N’écoutez pas le chant des voyous de la république. Que signifie ce chant désormais porté en hymne jusque dans les sphères du gouvernement : « seuls les vrais mauritaniens reviendront ! » Nul n’a jamais demandé le retour des chinois ou des maliens ! Les mauritaniens n’ont demandé que le retour des leurs. Ce chant cacherait-il encore des non dits ? Aurait-on quelque part encore peur d’une hypothétique « remise en cause de l’équilibre démographique » ?
Monsieur le Président, vous avez fait une sortie honorable, sachez dire non à BREDELEIL et à ses acolytes ! Sachez dire non à ceux qui commencent – dans votre propre entourage - à avancer des chiffres farfelus de 20 000 déportés avant tout recensement exhaustif de cette population ! Sachez dire non au HCR qui n’envisagerait pas d’organiser un retour des réfugiés du Mali.

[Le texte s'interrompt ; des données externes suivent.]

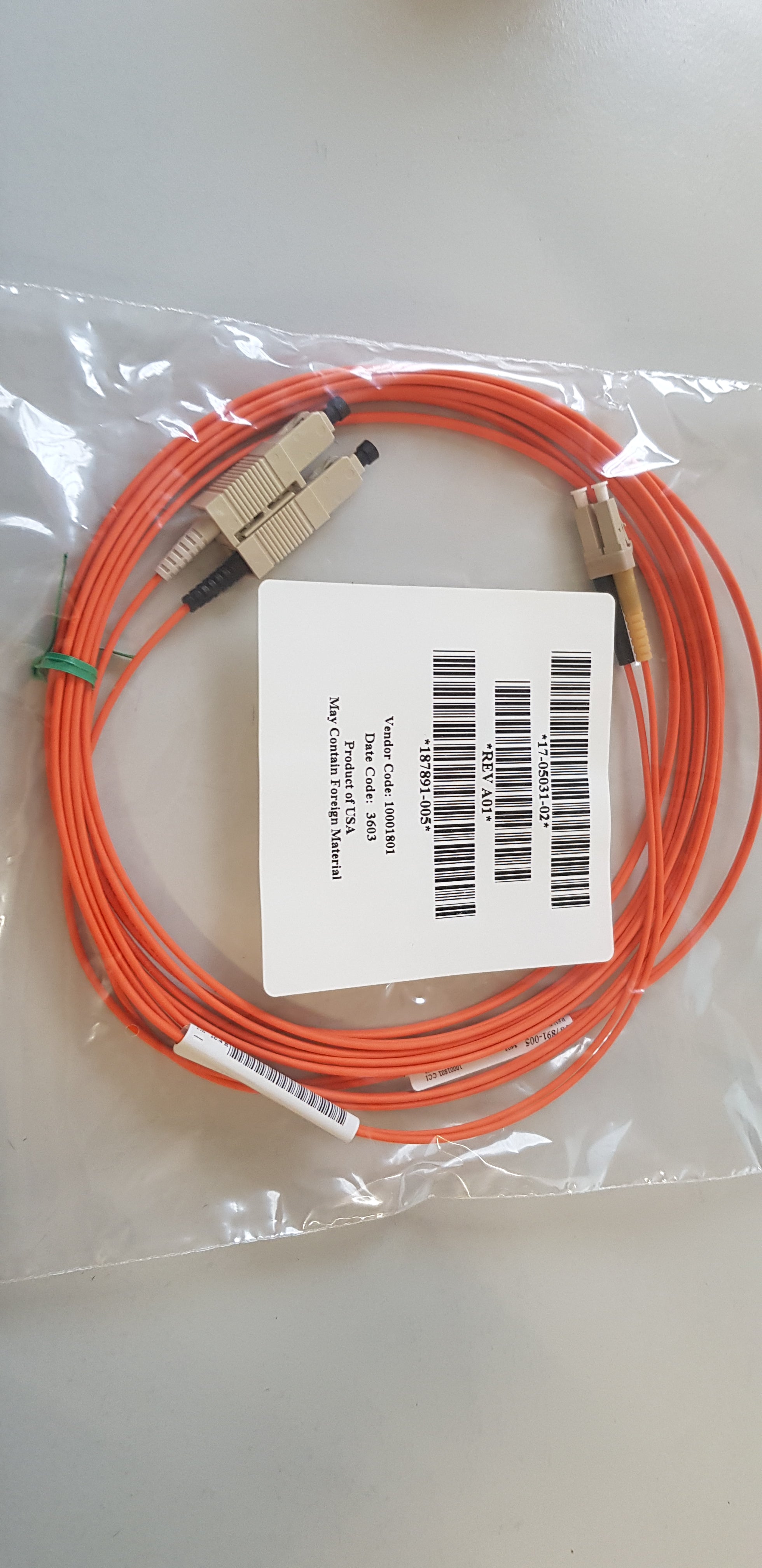 Compaq 5m LC to SC Fiber Optic Cable - Refurbished - 187891-005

Ceux qui crient que seuls « les vrais mauritaniens doivent être acceptés », ceux qui commencent à avancer le chiffre imaginaire de 20 000 déportés - comme éventuel justificatif d’un refus de reconnaissance de la mauritanité de certains -, ce sont ceux là même qui doivent s’expliquer sur leur rôle présumé dans les souffrances de notre peuple. Ils doivent savoir que nous sommes le seul peuple qui a fourni au monde un pirate de l’air qui n’avait comme seul objectif que la fuite de notre misère nationale.
Ils doivent savoir que les immigrés africains en Mauritanie ne profitent que de leur malheureuse vie corrompue pour se payer des « pirogues-funèbres » pour l’eldorado européen. Ils doivent savoir que ce peuple n’a pas besoin de guerre au moment où il est juste à la portée de réussir le pari de régler ses différends sans tomber dans le chaos de l’anarchie.